As space work goes on, Russia key
With shuttle fleet grounded, NASA may need Russia to keep the space station aloft.
Derided for pasting a Pizza Hut logo on its rockets and catering to wealthy "space tourists," Russia could now find itself flying to the rescue.
Can Soviet-era spacecraft substitute for the shuttle in supporting humanity's grandest science project: the International Space Station (ISS)?
The answer appears to be yes, if the US helps out with cash - a lot of it. Russia's financially strapped space agency is now taking stock of its capabilities.
"We can support the human side of the ISS program, and ensure adequate supplies are brought to the crew," says Georgi Gretchko, a former cosmonaut and space official.
Russia has budgeted for two manned Soyuz launches in 2003 plus three Progress supply flights to the ISS. Those vehicles are almost ready, and one Soyuz could be sent up as early as April - perhaps unmanned, in order to save space and fuel. "Russian ships were always more cost-effective than the shuttle, and with the proper financing we should be able to at least keep the station functioning," Mr. Gretchko says.

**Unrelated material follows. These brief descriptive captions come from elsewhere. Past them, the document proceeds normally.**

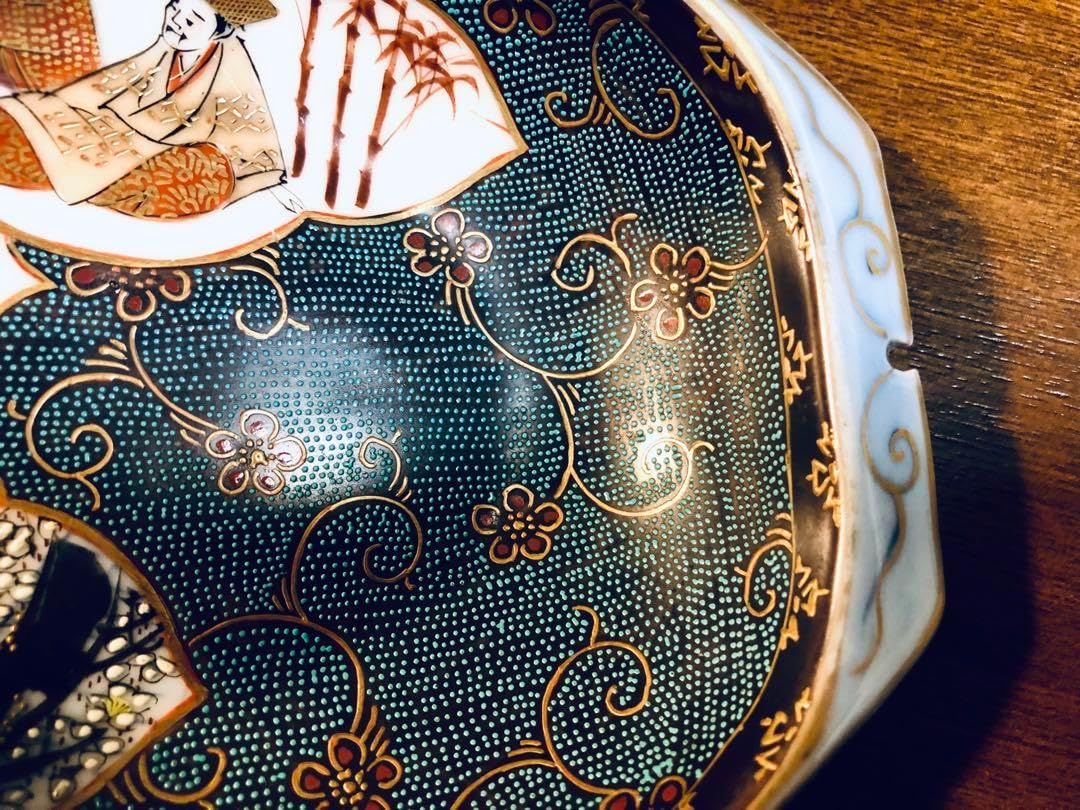 1114中国 清時代 青華花卉紋中皿② アンティーク 送料込み1115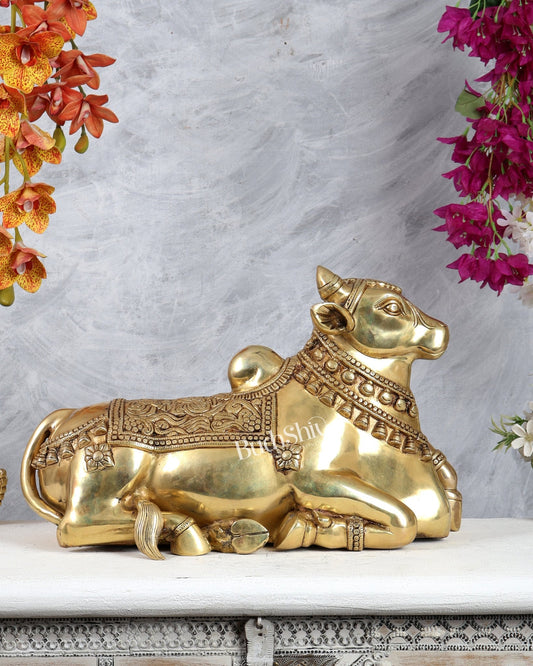 Brass Superfine Nandi Sculpture with Enhanced Carvings 18" - Budhshiv.com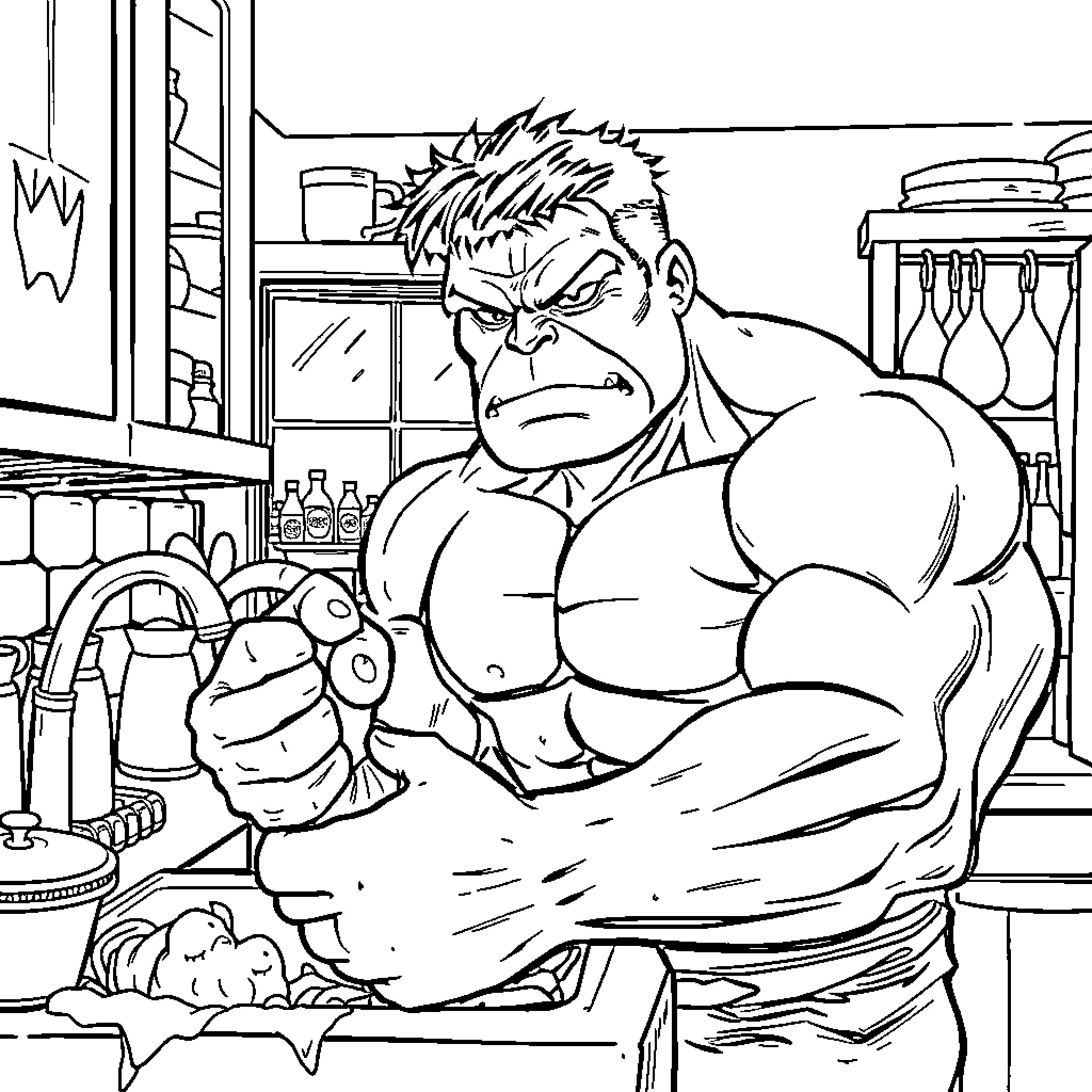 Hulk Unleashing Rage in a Kitchen Setting Coloring Page (free black-and-white line drawing printable PDF for all, from beginners to advanced learners, including children, teens, adults, and seniors)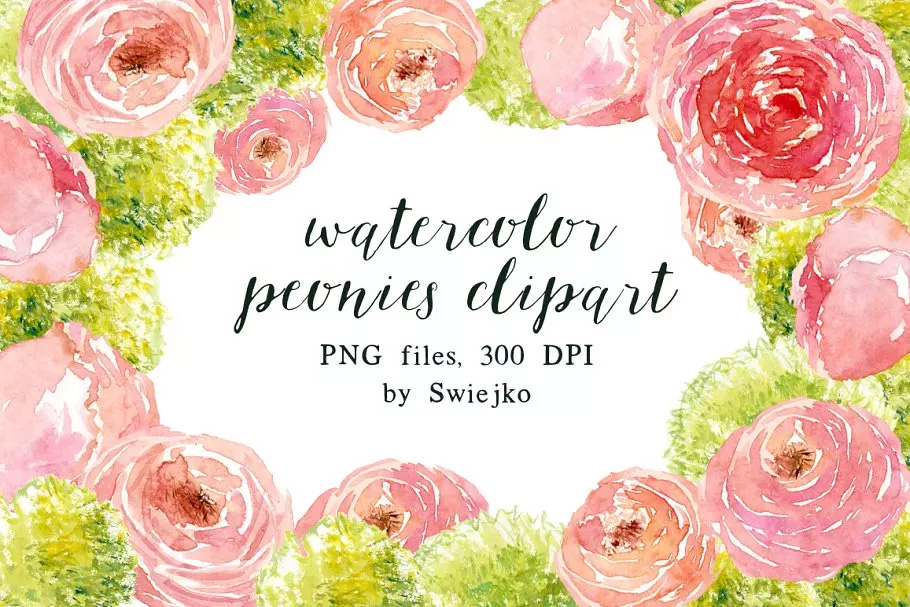 牡丹花水彩剪贴画 Peonies clipart set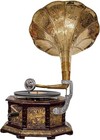 Antique Handmade Gramophone  Brass   Wood Wind-up Record Player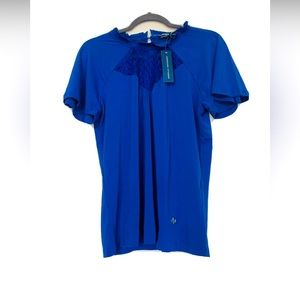 NWT Adrienne vittadini royal blue short sleeves top blouse sizes M L XL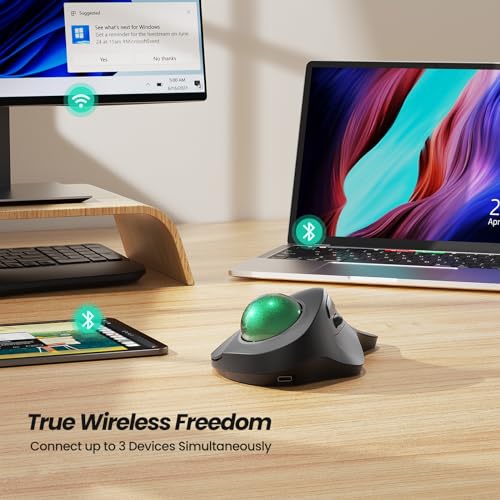 Trackball Mouse: Nulea Wireless Ergonomic Rechargeable – Back View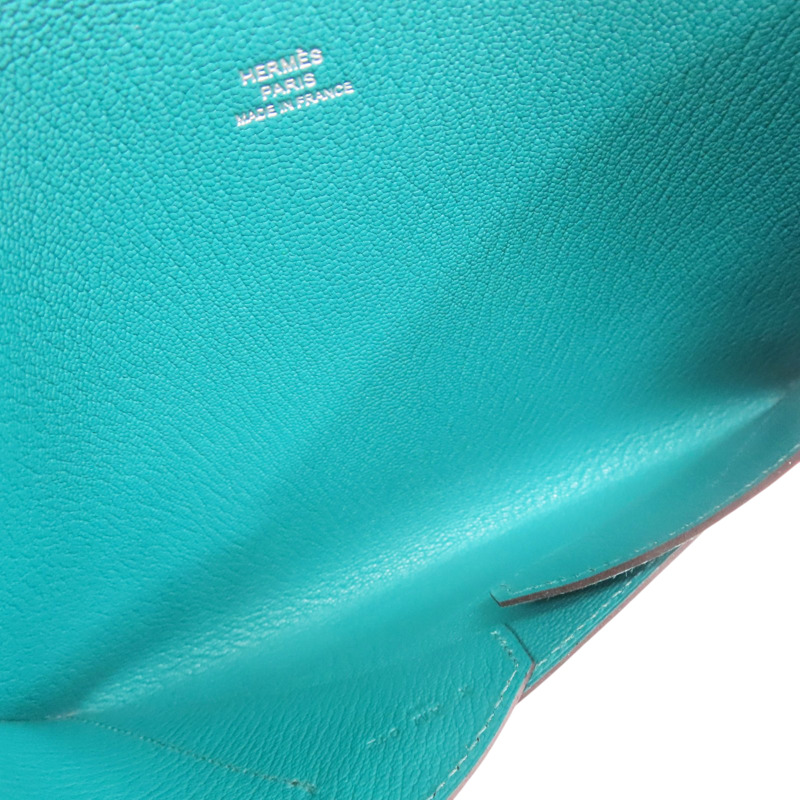 孔雀藍/叢林綠/糖果黃 Mysore山羊皮 Envelope Trio Wallet 手拿包 X刻【HERMES 愛馬仕】-4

"If the ISS project is to continue, it obviously means that Russia must take first place in running the program, at least temporarily," says Sergei Kazyonnov, an expert at the Institute of National Security and Strategic Studies in Moscow. "There is proven technology, and enough skilled people, but the Russian space program is bankrupt. It comes down to money."
The Russian Space Agency's budget, $265 million last year, is dwarfed by NASA's $15.5 billion annual allocation.
Since ditching its own independent orbiter, the Mir, two years ago, Russia's Space Agency has focused more than half its meager resources on meeting its modest ISS obligations, which include the two annual manned visits to the station by Soyuz spacecraft and three by Progress robot supply ships.